Wrong questions give wrong answers

As the last jolts of the summer end, there are many indications that this fall will be hot with respect to the issue of euthanasia in Quebec.

August ended with the official opening of the Superior Court lawsuit in which two people living with a disability are challenging the federal and provincial laws to eliminate the “end of life” and “reasonably foreseeable death” criteria.

At that first meeting, Living with Dignity and the Physicians’ Alliance Against Euthanasia told the court of their intention to file a formal request to be included in the list of intervenors in the case. If their application is accepted, the two organizations will be able to provide the Court with their expertise on the ethical, medical, and social issues surrounding euthanasia and assisted suicide, with the aim of opposing the expansion of the criteria of the law.

Furthermore, this request to extend the laws of Quebec and Canada in perfect continuity with the trends observed elsewhere in the world. Indeed, we can observe that the very logic of euthanasia continually generates demands for continuous extension. In that respect, as is already the case in the Netherlands where a bill has been tabled for this purpose, Belgium is now considering the possibility of extending euthanasia to people who have “the feeling of having accomplished their lives.”

Thus, this is where culminate – until now – the successive extensions of laws that open the door to death on request.

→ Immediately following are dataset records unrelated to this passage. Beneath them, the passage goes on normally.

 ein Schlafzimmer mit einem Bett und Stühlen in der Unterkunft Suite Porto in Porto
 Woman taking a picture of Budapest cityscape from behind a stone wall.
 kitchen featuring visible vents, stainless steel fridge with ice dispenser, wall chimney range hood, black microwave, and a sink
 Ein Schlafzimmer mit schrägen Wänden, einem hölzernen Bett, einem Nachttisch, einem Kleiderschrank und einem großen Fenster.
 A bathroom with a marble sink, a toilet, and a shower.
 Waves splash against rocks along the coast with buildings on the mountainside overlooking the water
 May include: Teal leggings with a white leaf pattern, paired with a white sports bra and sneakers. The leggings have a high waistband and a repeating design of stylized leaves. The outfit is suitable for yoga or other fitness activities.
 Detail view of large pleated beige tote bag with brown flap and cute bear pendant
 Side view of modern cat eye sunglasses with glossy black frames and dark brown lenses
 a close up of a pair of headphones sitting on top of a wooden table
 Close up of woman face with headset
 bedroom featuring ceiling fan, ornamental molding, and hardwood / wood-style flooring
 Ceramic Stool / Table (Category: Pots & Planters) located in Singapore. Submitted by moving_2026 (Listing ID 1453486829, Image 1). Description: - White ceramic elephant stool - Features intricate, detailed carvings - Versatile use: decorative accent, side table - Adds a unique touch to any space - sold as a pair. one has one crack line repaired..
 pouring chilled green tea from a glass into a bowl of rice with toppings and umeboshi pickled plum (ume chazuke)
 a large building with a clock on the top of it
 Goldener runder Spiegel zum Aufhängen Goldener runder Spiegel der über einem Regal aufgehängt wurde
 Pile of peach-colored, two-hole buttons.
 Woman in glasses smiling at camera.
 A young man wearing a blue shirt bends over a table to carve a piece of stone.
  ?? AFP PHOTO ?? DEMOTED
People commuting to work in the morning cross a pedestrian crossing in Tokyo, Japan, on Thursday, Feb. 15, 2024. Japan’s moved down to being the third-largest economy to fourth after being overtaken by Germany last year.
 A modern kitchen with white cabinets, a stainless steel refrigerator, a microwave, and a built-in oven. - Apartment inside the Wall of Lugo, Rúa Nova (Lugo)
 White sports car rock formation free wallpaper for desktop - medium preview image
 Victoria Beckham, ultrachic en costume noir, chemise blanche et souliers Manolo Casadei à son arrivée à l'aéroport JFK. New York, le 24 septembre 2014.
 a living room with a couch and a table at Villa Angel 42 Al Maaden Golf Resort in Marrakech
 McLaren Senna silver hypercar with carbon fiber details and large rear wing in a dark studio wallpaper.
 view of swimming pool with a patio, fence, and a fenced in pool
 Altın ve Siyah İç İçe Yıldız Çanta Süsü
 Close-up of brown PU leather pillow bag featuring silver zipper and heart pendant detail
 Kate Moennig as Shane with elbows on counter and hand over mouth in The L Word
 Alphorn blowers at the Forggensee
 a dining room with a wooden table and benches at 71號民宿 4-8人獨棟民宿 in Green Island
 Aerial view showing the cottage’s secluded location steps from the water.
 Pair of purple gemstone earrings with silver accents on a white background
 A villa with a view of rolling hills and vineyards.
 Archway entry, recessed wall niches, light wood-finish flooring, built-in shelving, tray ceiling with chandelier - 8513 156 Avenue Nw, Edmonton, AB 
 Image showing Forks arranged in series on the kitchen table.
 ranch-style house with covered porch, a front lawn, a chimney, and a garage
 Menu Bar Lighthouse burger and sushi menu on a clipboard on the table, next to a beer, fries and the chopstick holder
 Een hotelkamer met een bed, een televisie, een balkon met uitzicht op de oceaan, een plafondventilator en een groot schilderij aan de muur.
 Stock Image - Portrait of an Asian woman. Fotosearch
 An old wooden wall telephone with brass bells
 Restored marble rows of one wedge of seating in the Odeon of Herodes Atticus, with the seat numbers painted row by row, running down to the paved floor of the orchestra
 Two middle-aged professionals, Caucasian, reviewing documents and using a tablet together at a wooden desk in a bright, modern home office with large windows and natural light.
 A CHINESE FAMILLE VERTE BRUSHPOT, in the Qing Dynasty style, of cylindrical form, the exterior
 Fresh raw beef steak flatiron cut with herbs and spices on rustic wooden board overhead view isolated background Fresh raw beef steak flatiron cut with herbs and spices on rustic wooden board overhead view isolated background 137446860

Over time, “exceptional measures for exceptional cases” end up being offered to healthy people who simply have the “fault” of being old. And in the meanwhile, statistics are exceeding forecasts, abuses are accumulating, and “safeguard” are collapsing one after the other – already, there is pressure to “simplify the paperwork and ease the obligation of seeking a second opinion from an objective and independent doctor” .

And while all eyes are obsessively fixed on death as a medical solution to suffering, and while accusing fingers point at people who refuse to see it as a gesture of legitimate compassion, society as a whole misses many essential questions.

Instead of asking why someone would refuse death to a suffering person, would it not be more beautiful and respectful to ask ourselves why this person came to want to die? Instead of helping people kill themselves, should we not ask where society failed to be able to accompany them properly?

Faced with people's suffering, our most pressing concern should not be to ask ourselves what we could do to make each person feel desired, that everyone has access to all the good care available nowadays and that everyone can take part in the collective life, regardless of their physical condition?